Introduction:
Severe weather Phenomenon can cause both damage public health and economic sectors and assets
like crops and property. They result in fatalities, injuries, and property damage.Prevention
of these natural disasters is important in public interest.
Through this project, we explore the U.S. National Oceanic and Atmospheric
Administration’s (NOAA) storm database. The database tracks characteristics of major storms and weather events in the United States, giving data on the fatalities, injuries, and property damage.
Synopsis:
This report explores the effect of natural disasters on public health(injuries and fatalities) and
economy (Crop damage and Property damage). The report analysed the NOAA storm database
containing data on extreme climate events. The data was collected during the period from 1950 through 2011.

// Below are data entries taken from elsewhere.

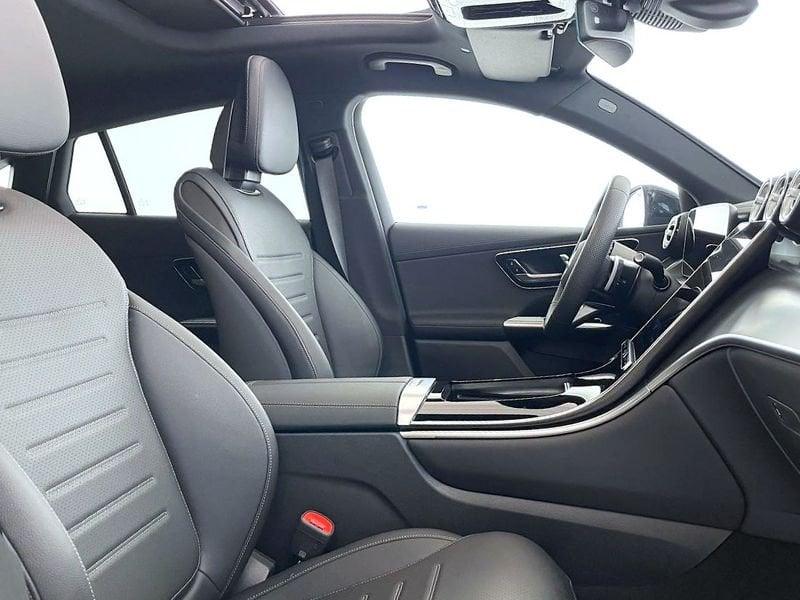 Mercedes-Benz GLC Coupé GLC Coupe 220 d AMG Line Premium 4matic auto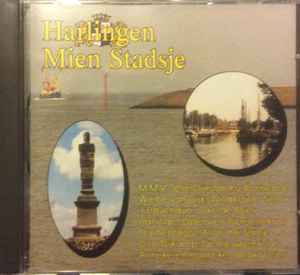 Various - Harlingen Mien Stadsje album cover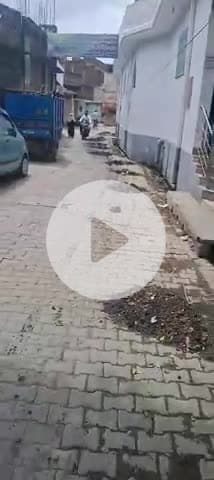 वार्ड न. 38 पीर कि पेठ मे नालियों कि सफाई कराई गयी,
नगर पालिका चेयरपर्सन सना मामून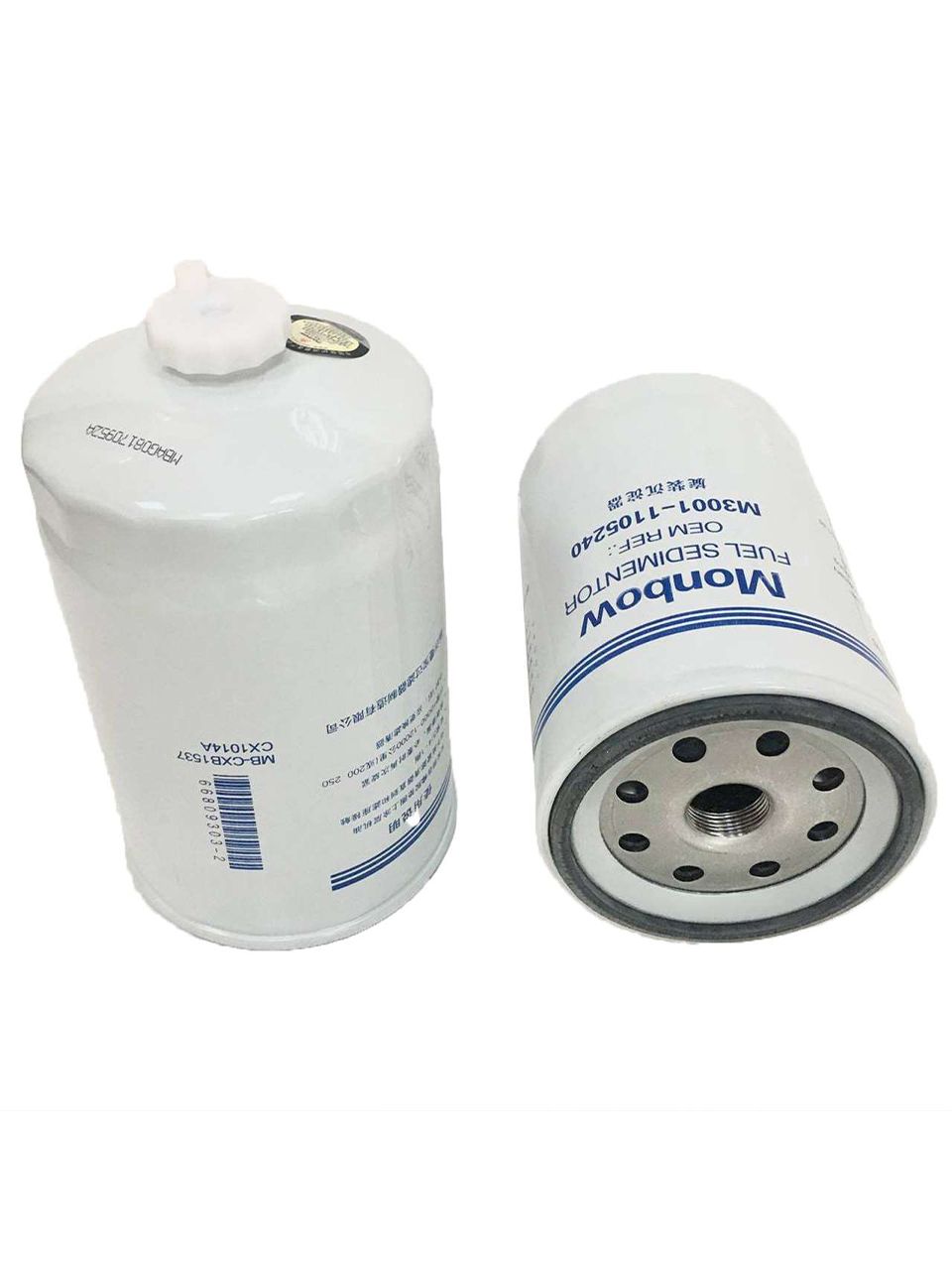 Купить MONBOW FILTER MBCXB537 MB-CXB537 Фильтр топливный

This analysis aids to answer the following two questions:
1) Across the United States, which types of events (as indicated in the EVTYPE variable) are most harmful with respect to population health?
2) Across the United States, which types of events have the greatest economic consequences?
Main conclusions of the study:
1) Tornado has caused highest fatalities and injuries with more than 5600 deaths and 91400 injuries.
2) Floods have caused the most significant economic damage of more than 157 billion USD.
The data columns of interest:
* EVTYPE -> Type of event
* FATALITIES -> Number of fatalities
* INJURIES -> Number of injuries
* PROPDMG -> Amount of property damage in orders of magnitude
* PROPDMGEXP -> Order of magnitude for property damage (e.g. K for thousands)
* CROPDMG -> Amount of crop damage in orders of magnitude
* PROPDMGEXP -> Order of magnitude for crop damage (e.g. M for millions)
Loading data and reading it into data-frame storm:
setwd("/Users/kareena_610/https:/github.com/k-610z/Rep_Data-Storm-Project2")
storm <- read.csv(bzfile("StormData.csv.bz2"), sep = ",", header = TRUE, stringsAsFactors = FALSE)
1) Across the United States, which types of events (as indicated in the EVTYPE variable) are most harmful with respect to population health?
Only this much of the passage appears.